Momentan wird Arbeitslosen unterstellt, sie wären nicht willig zu arbeiten, deshalb müsse man den Druck auf sie erhöhen. Wie sind Ihre Erfahrungen?
Unsere Erfahrung ist eine völlig andere. Unsere Erfahrung in den sozialen Unternehmen – in den letzten 30 Jahren – ist, dass die Menschen arbeiten wollen. Sie wollen beteiligt sein, arbeiten, sie wollen sich gebraucht fühlen, ihre Kompetenzen einbringen – umso mehr, wenn sie älter werden.
Und das sind diese zwei Tatsachen, die überhaupt nicht zusammengehen, dass wir einerseits sagen, wir wollen eine höhere Erwerbsbeteiligung von älteren Menschen – und andererseits versagt der Markt total.
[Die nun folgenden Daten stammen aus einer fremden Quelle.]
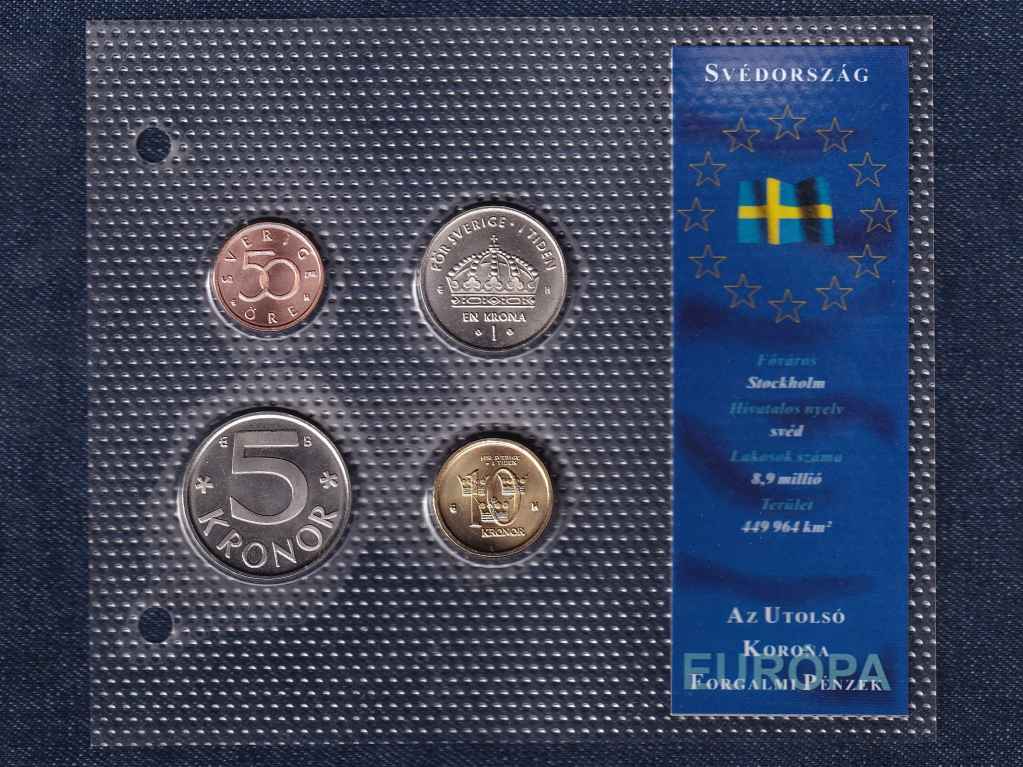 Sv&eacute;dorsz&aacute;g forgalmi sorok &eacute;s t&ouml;bb darabos f&eacute;mp&eacute;nz t&eacute;telek, lotok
Als Abschreckungsbeispiel wird das Unkrautjäten genannt: Wie viel Qualifikation können die Menschen da tatsächlich einbringen?
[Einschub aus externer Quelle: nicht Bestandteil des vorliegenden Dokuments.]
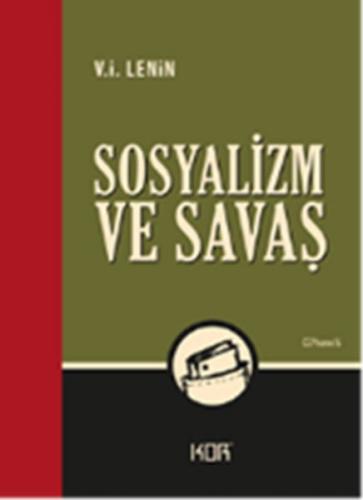 Sosyalizm ve Savaş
In der Aktion 20.000 wurden in sehr breiten Beschäftigungsfeldern Jobs geschaffen, mit sehr, sehr unterschiedlichen Qualifikationsniveaus, entsprechend der Vielfalt der 20.000 Personen, die man identifiziert hat. Man muss ja auch sagen, mit der Aktion wurden nicht alle erfasst, wir sprechen in Summe von 50.000 Menschen, die älter und langzeitarbeitslos sind.
Ein ganz großes Thema ist natürlich Pflege und Betreuung, vor allem die Alltagsbetreuung von älteren Menschen oder zu pflegenden Menschen. Der zweite große Punkt ist das Thema Schulen und Kindergärten, also Kinder und der Bildungsbereich – und das hat viel mit dem Thema soziale Inklusion zu tun. Das sind so einfache Beispiele, zum Beispiel, dass Schulen am Nachmittag oft nicht offen haben, weil es kein Personal gibt. Es gibt viele Kinder, die absolut davon profitieren würden, nicht zu Hause Hausaufgaben machen zu müssen, weil dort vielleicht gar kein Raum ist, um Hausübungen zu machen. Warum also nicht Schulen am Nachmittag aufsperren, da eine Betreuung anbieten und so auch in ländlichen Regionen eine Kinderbetreuung am Nachmittag zur Verfügung stellen?
Und dann gibt es Jobs in der Grünraumbewirtschaftung, und es ist so schade, wenn man das auf Unkrautjäten reduziert. Es hätte ein Projekt in der Steiermark gegeben, wo es eine Gemeindeverordnung gibt, dass man dieses Ragweed, also das hochallergene Unkraut, beseitigen muss. Das ist an sich schon eine anspruchsvolle Tätigkeit – die in Wirklichkeit allen zugute kommt. Für einige Personen hätte das wunderbar gepasst.
Ein weiterer Einwand lautet: Warum extra Arbeitsplätze schaffen, wenn auf der anderen Seite ein Fachkräftemangel beklagt wird?
Das eine große Thema ist Bildung und Ausbildung. Da bräuchte es viel mehr Verschränkungen, denn die Diskurse über Bildung und Arbeitsmarkt laufen sehr getrennt voneinander ab. Es gibt schon im Bildungsbereich sehr viele Versäumnisse, und es ist sehr schwer, im Rahmen von arbeitsmarktpolitischen Maßnahmen das alles aufzufangen.
Der andere Punkt sind die Köche und Saisonniers. Da denke ich mir: Wir haben Zumutbarkeitsbestimmungen, die schon sehr streng sind. Über mehr Druck und engere Zumutbarkeitsbestimmungen wird dieses Matching von Fachkräften und offenen Stellen nicht gelingen. Der viel größere Hebel sind die Arbeitsbedingungen: Wenn es so schwer ist, einen bestimmten Arbeitsplatz zu besetzen, wird es Gründe dafür geben.